Oggi, 14 febbraio, la missione spaziale Euclid dell’ESA, lanciata in orbita lo scorso 1° luglio, e alla quale l'Italia partecipa con l'ASI, l’INFN e l’INAF, inizia la sua esplorazione dell’universo oscuro.
Uno dei punti di forza di Euclid, tra i telescopi spaziali più precisi e stabili mai costruiti, risiede nel fatto di essere in grado di osservare un’ampia area di cielo in una sola volta: questo è fondamentale per una missione il cui obiettivo primario è mappare più di un terzo del cielo.
Euclid seguirà la cosiddetta modalità di osservazione “step-and-stare”. Ciò significa che il telescopio fisserà una zona del cielo per circa 70 minuti, producendo immagini e spettri, e poi impiegherà quattro minuti per spostarsi alla zona successiva. Durante tutta la sua missione, prevista durare sei anni, Euclid eseguirà più di 40 mila di questi “puntamenti”, osservando la forma di circa 50 mila galassie alla volta, e arriverà così a studiare complessivamente miliardi di galassie risalendo la storia del cosmo fino a 10 miliardi di anni fa. La maggior parte del tempo di osservazione sarà dedicato a indagini a campo ampio, che saranno completate da indagini di campo profondo, che impegneranno Euclid per il 10% del tempo.

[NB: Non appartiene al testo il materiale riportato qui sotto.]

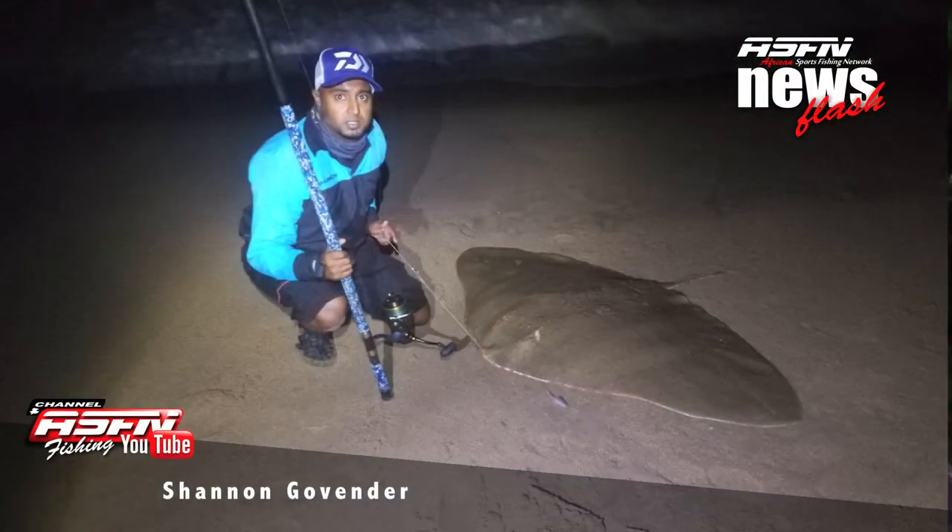We're kicking off with Shannon Govendor getting stuck into some of the diamonds, using his Azur Pro with his BG8000 and the 130 pound leader from Triple Fish Rhino.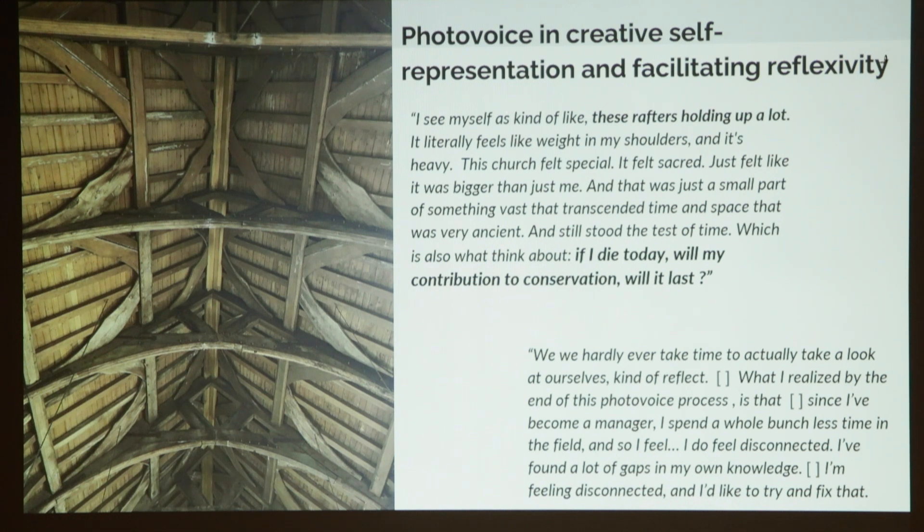These photos are from men in our current study. Here we really see how photovoice is helpful in creative self-expression and facilitating a kind of reflexivity. One participant said: 'I see myself as kind of like these rafters, holding up a lot. It literally feels like a weight on my shoulders, and it's heavy.' This gentleman was the head of an NGO in the Lowveld. Another said of a church photograph: 'It felt special. It felt like it was bigger than me — just a small part of something vast that stood the test of time. If I die today, will my contribution to conservation last?'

I primi mesi nello spazio di Euclid sono serviti ai gruppi di lavoro di tutta Europa per avviare, testare e preparare la missione per le osservazioni scientifiche che, appunto, oggi prendono avvio. Successivamente al lancio, subito dopo aver acceso gli strumenti di Euclid per la prima volta, la collaborazione scientifica dell’esperimento si è resa conto che c’era un problema, per risolvere il quale è stato necessario rivedere il progetto dell’intera indagine. Il problema risiedeva nel fatto che una piccola quantità di luce solare indesiderata raggiungeva lo strumento visibile di Euclid (VIS) ad angoli specifici, anche con lo schermo solare della navicella (la sua parte posteriore) rivolto verso il Sole. Grazie a successive indagini, i gruppi scientifici, ingegneristici e industriali hanno compreso che per eliminare questa luce era necessario che Euclid osservasse con un orientamento diverso rispetto al Sole, ossia con un angolo di rotazione più ristretto, in modo tale che il parasole non fosse direttamente rivolto verso il Sole: un’inclinazione piccola ma di grande impatto in una direzione. Con questo nuovo assetto ristretto, parti del cielo non potevano essere raggiunte da nessun punto dell’orbita di Euclid attorno a L2. Era necessario, quindi, elaborare una nuova strategia osservativa, che doveva essere poi implementata e testata. Alla fine, la collaborazione ha trovato la soluzione: effettuare più sovrapposizioni tra osservazioni adiacenti. Il rilevamento di Euclid è ora leggermente meno efficiente, ma è possibile raggiungere tutte le aree necessarie del cielo e la perdita complessiva nell’area di rilevamento è ridotta al minimo. Inoltre, il lavoro di ottimizzazione della nuova strategia di indagine proseguirà man mano che la missione avanzerà e arriveranno i risultati scientifici.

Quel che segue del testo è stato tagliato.